Lines in the entries below where the word "with" shows up should each be copied.

GIVEN RECORDS
# # #

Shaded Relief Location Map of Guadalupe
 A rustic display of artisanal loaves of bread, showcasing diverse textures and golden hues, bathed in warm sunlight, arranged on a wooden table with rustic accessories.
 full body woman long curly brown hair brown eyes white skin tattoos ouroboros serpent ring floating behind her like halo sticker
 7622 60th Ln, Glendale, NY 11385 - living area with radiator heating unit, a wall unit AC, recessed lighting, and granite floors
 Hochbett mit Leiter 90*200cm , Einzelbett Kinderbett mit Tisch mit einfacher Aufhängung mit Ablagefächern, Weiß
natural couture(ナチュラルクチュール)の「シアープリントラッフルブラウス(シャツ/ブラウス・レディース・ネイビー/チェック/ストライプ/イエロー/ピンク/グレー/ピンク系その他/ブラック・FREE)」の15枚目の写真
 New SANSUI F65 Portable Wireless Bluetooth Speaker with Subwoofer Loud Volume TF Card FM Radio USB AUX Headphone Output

# # #

EXERCISE RESPONSE
 A rustic display of artisanal loaves of bread, showcasing diverse textures and golden hues, bathed in warm sunlight, arranged on a wooden table with rustic accessories.
 7622 60th Ln, Glendale, NY 11385 - living area with radiator heating unit, a wall unit AC, recessed lighting, and granite floors
 New SANSUI F65 Portable Wireless Bluetooth Speaker with Subwoofer Loud Volume TF Card FM Radio USB AUX Headphone Output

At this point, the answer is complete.